Being the gentleman that I am, I bought here a couple of beers, but sadly she ran off to bed before I could show her my smelly sausage.
Now what it is it about Poles and shell suits? Every Polish person out of Poland seems to wear those horrible, outrageously brightly coloured, wafer-thin, shiny shell suits. Apparently, and I believe this to be true, when a Pole leaves Poland they are given a shell suit and a string of smelly sausages at the border. I met a Polish couple back home who had been living in Australia for six years, and they both had horrible shell suits on. I asked, when I first met them, 'Are you from Poland?'
'Yes they replied enthusiastically 'how could you tell?'
'Your accent,' I replied.
'Ah you are very clever.'
But perhaps the most bizarre thing of all was what happened when Poles and showerheads met. This totally baffled me. When Poles arrived at a campsite, they stole the showerheads. Was there a shortage of showerheads in Poland? Or was it like collecting matchboxes or something? And why didn't they at least wait until they were ready to leave? I would go for a shower and find nothing but a stump that poured water out in one long, impossible to wash yourself under stream.
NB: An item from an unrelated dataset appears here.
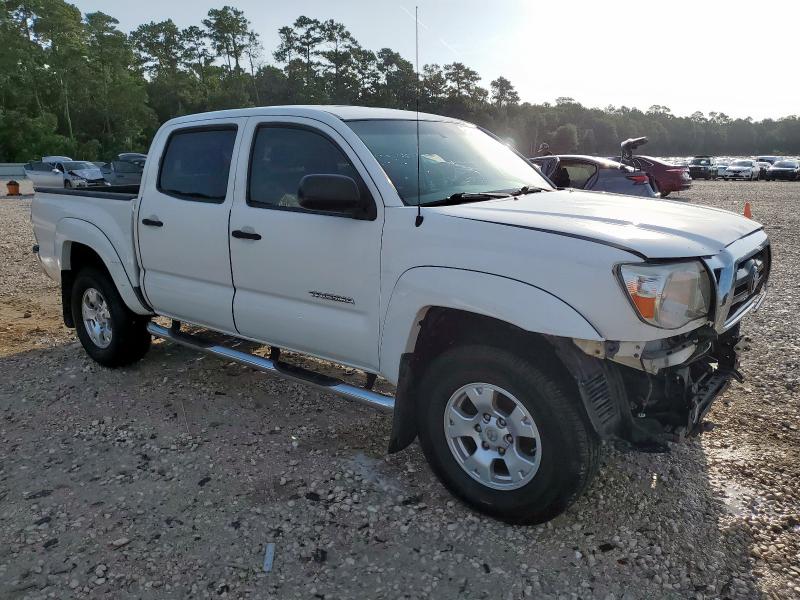 3TMJU4GNXAM097806 - 2010 TOYOTA TACOMA DOUBLE CAB PRERUNNER WHITE photo 4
I can just imagine going to the Zlockow's family home in Warsaw and having the very proud owner show me his impressive collection of showerheads from all over Europe, beautifully presented in a large glass case. 'Thiss vun's my favourite, I got it from the wery nice cumpsite in Paris. Oh yass, it took me tventy minutes to get thiss vun orff.'
Cover blurb:
Brian Thacker confesses all as he reveals the best (and worst) of 20 trips as a tour leader around Europe. He tells how he fed passengers horse meat spag bol, hamburgers made from breakfast cereal and roosters' testicles; how he left a passenger standing by the side of a motorway in France for 3 hours in his underwear clutching a purple toothbrush and how, along the way, he lost his driver, his cook, his bus, ten brightly coloured canal bikes, a large church and eventually his patience.